The first of the two alternative methods adopted by the district court
followed O’Brien’s method, except that it applied a more lenient concept of what
counted as an onsite circle attributable to Mission and Star, thereby increasing the
number of such circles from three to nine. That resulted in an allocation of 15
circles to Mission, 16 to Star, and 15 to the City. Because Mission and Star each
had 15 circles, the court then reallocated Star’s 16 circles equally to Mission and
Star, giving each 23 circles—a 50/50 split.
In the second alternative method, the district court applied an even broader
concept of what counted as an onsite circle, increasing the number of such circles
from nine to 23. Having done so, however, it then changed its rule for allocating
4
the offsite circles: instead of allocating those circles to the City and the respective
users of the relevant sewer line, the court instead now allocated all of the offsite
circles to the City. It then likewise changed its rule for allocating Star’s share and
instead allocated it completely to Mission. That yielded 23 onsite circles allocated
entirely to Mission and 23 offsite circles allocated entirely to the City—the same
answer as the first method.
Although both alternative methods yielded the same 50/50 split, the two
methods rested on an arbitrary pairing of contradictory answers to the three key
allocation factors. In what I will call method “A,” the court applied these three
assumptions:
(A)(1) Defining onsite circles: The court narrowly defined what counted as
an onsite circle to be attributed to Mission and Star (although not as
narrowly as O’Brien).
(A)(2) Allocating offsite circles: For the offsite circles, the court allocated
responsibility equally to the City and to the relevant operators.
(A)(3) Allocating Star’s share: For the orphan share of Star, the court
allocated Star’s share equally to Mission and to the City based on
their respective total allocations from (A)(1) & (A)(2).
But in the alternative method (which I will call method “B”), it applied these
three different assumptions:
(B)(1) Defining onsite circles: The court more broadly defined what
counted as an onsite circle to be attributed to Mission and Star.

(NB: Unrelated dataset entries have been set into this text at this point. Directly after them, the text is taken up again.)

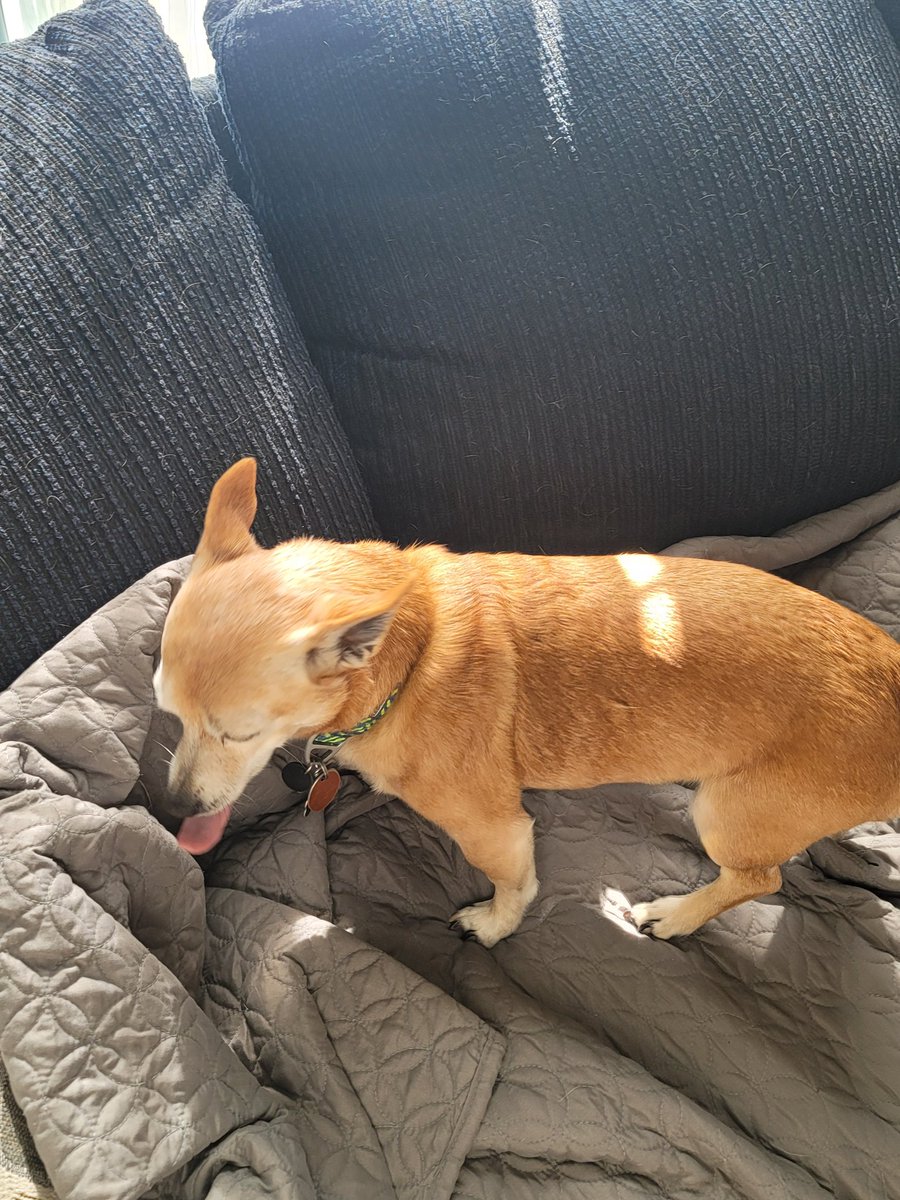 Rachmtbs (@rachmtbs) on Twitter photo 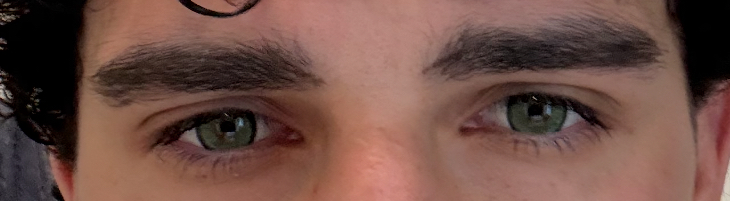 IMG 0690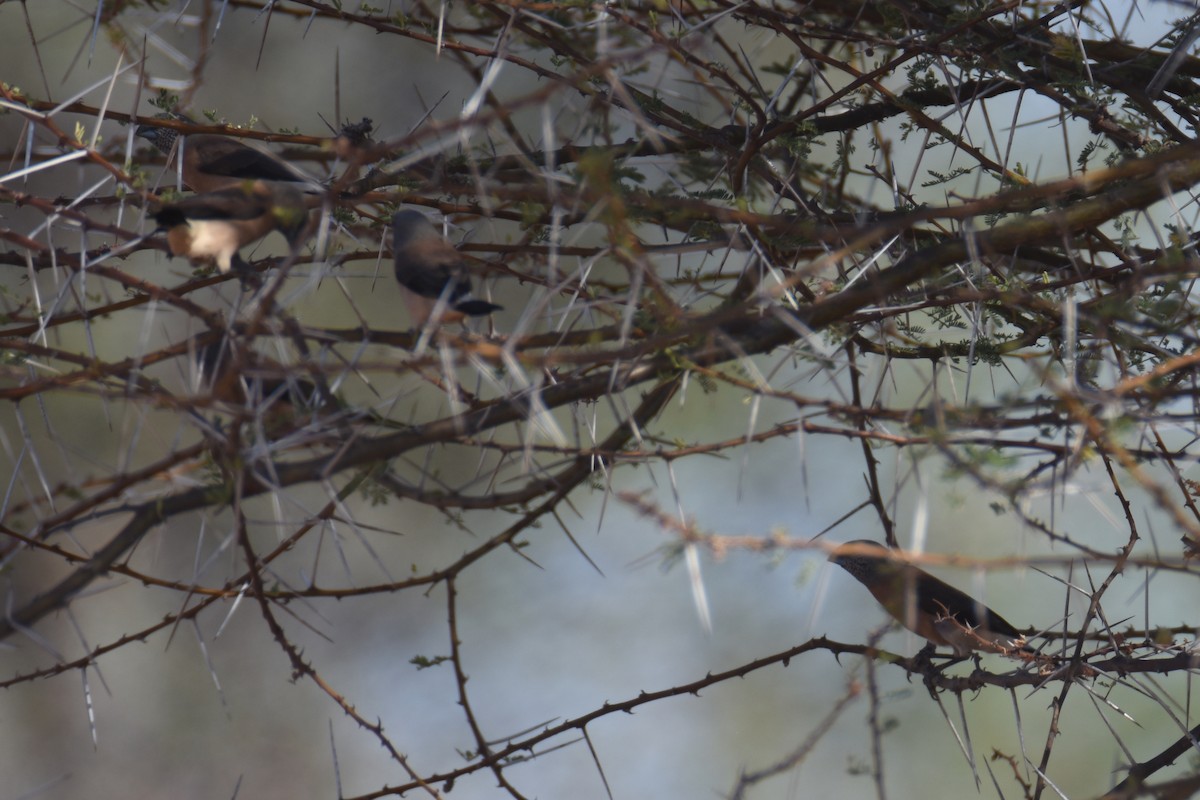 Gray-headed Silverbill - ML633172324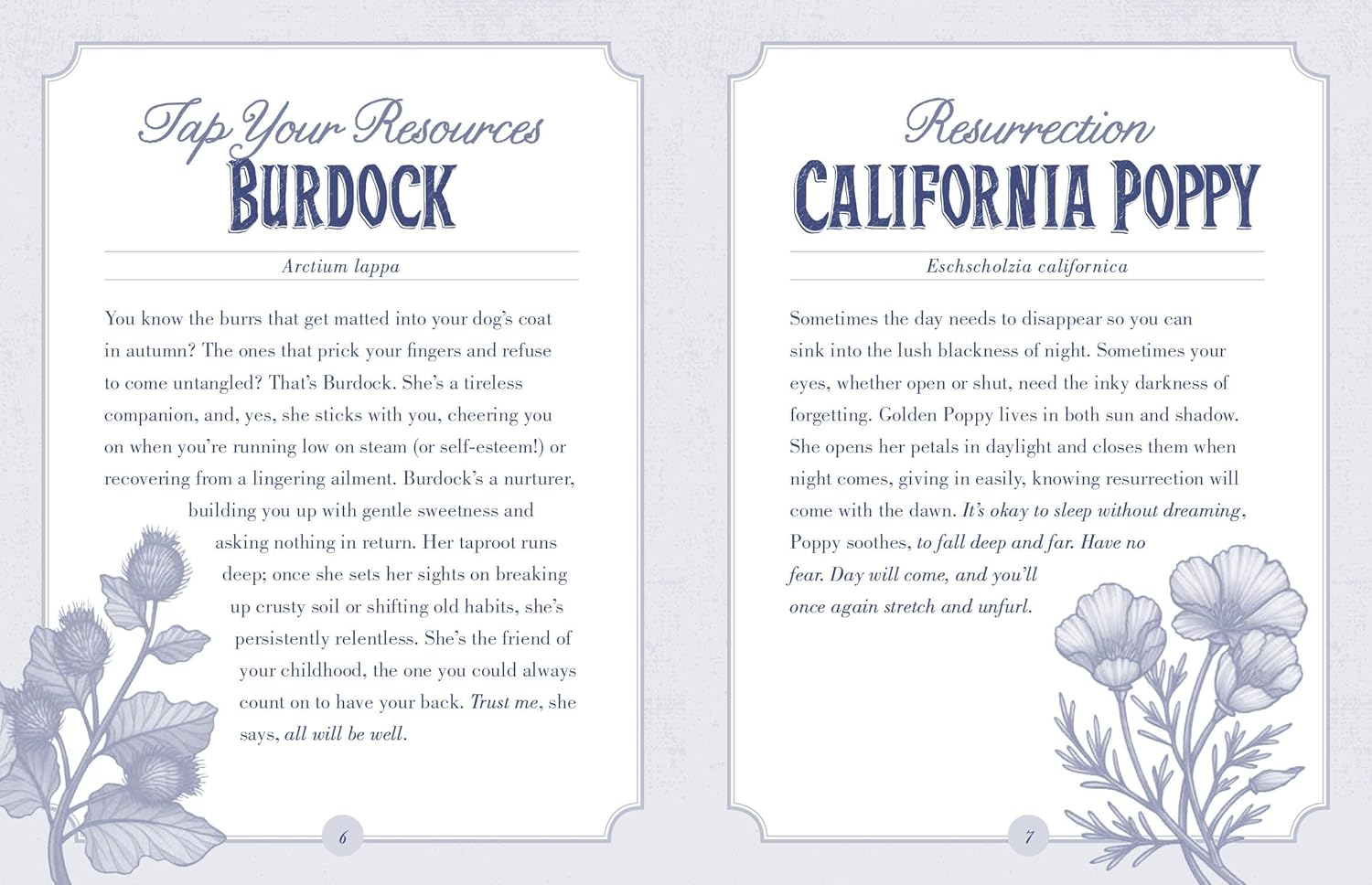 The Illustrated Herbiary Oracle Cards: 36-Card Deck of Bewitching Botanicals (Wild Wisdom) Cards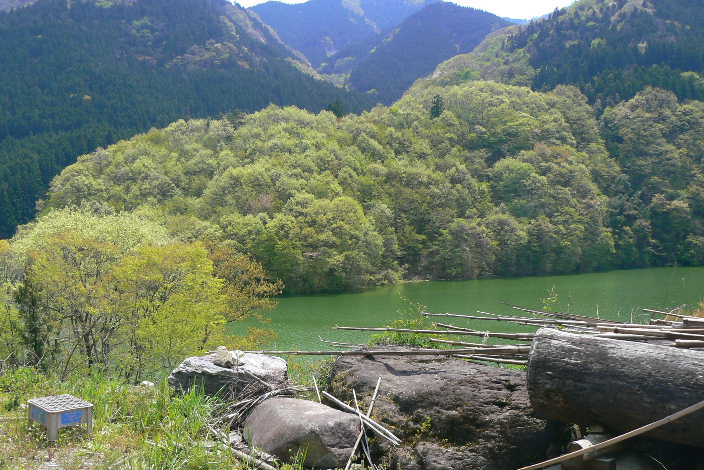 P1090963.JPG - 65,419BYTES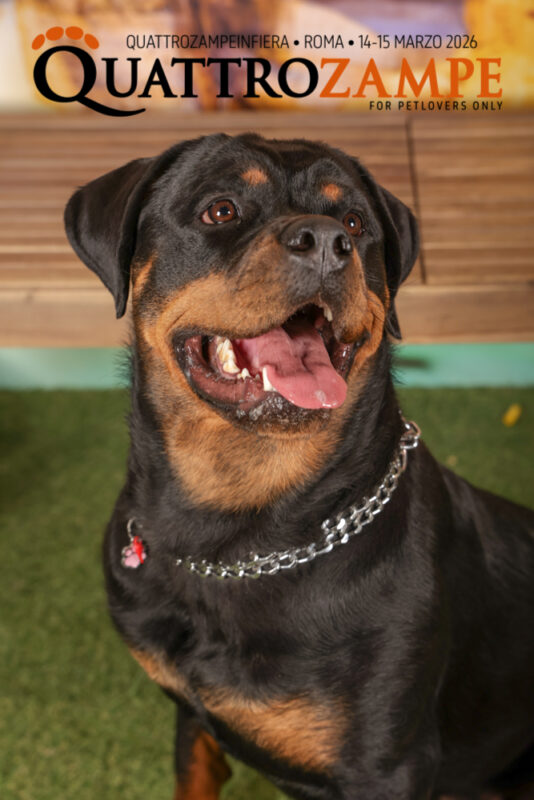 Concorso Fotografico - QuattroZampe in Fiera - Roma - Marzo 2026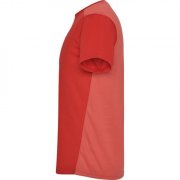 Спортивная футболка DETROIT мужская, КРАСНЫЙ 2XL арт. CA66520560254 Спортивная футболка DETROIT мужская, КРАСНЫЙ 2XL арт. CA66520560254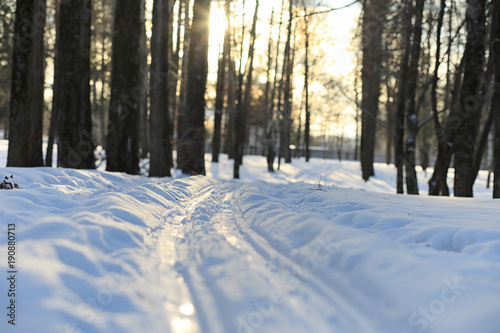 Winter landscape snow covered expanses. A park in the winter in 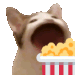 :cat_popcorn: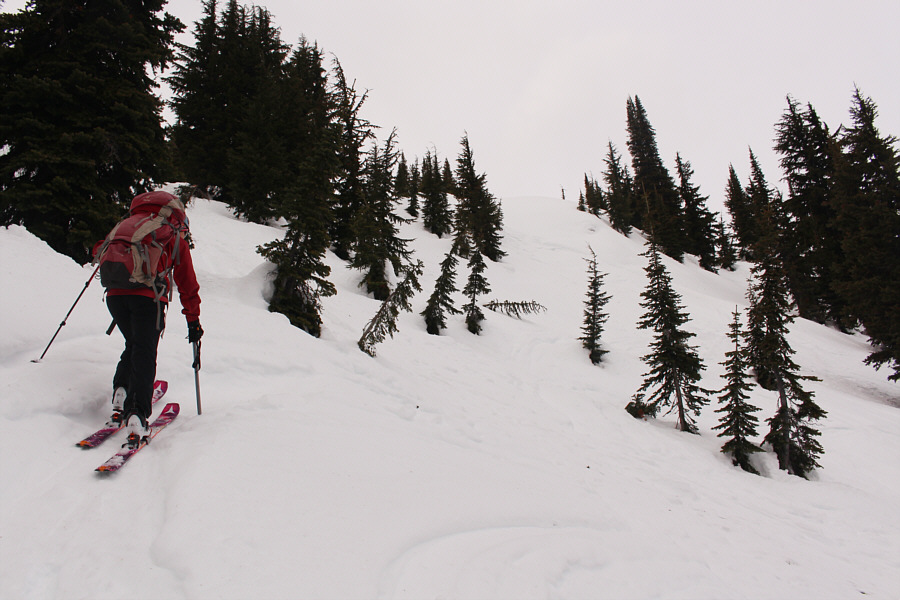 This is definitely not one of the usual ascent routes for Stevens Peak!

(B)(2) Allocating offsite circles: For the offsite circles, the court allocated
responsibility 100% to the City.
5
(B)(3) Allocating Star’s share: For the orphan share of Star, the court
allocated 100% to Mission.
The district court committed clear error by arbitrarily pairing collections of
contradictory answers to the three key allocation factors. The district court did not
explain why, for example, expanding the concept of an onsite circle (as in method
B) should lead to changing the methods for allocating offsite circles or Star’s
share. Nor did the court explain why it did not instead combine, say, assumption
(B)(1) with assumptions (A)(2) and (A)(3) (which would have yielded roughly a
37/63 split between the City and Mission) or assumption (B)(1) with assumptions
(A)(2) and (B)(3) (which would have yielded roughly a 22/78 split between the
City and Mission). The decision as to which of the opposite predicate assumptions
to pair with which of the other opposite predicate assumptions seems to me on this
record to have been wholly arbitrary.
The majority claims that these various contrary propositions can be
reconciled, but the logic escapes me. According to the majority, the first method
reflects “nuance” that attempted to allocate shares “depending on whether the
party’s activities contributed to the plume,” while the second method is “simpler”
and “allocated all costs from on-site or on-the-border [circles] to Mission and all
costs from purely off-site [circles] to the City.” Memorandum at 4–5. The
majority’s description of one method as “nuanced” and the other as “simpler”
simply begs the question. The majority never addresses, much less resolves, the
6
fundamental contradictions between the district court’s two methods, which are
that (1) they inexplicably used two significantly different understandings of what
constituted an onsite circle (one of which counted 23 circles as onsite, and the
other of which counted only nine as onsite); and (2) they inexplicably use two
different methods for re-allocating Star’s orphan share. One is not a “simpler”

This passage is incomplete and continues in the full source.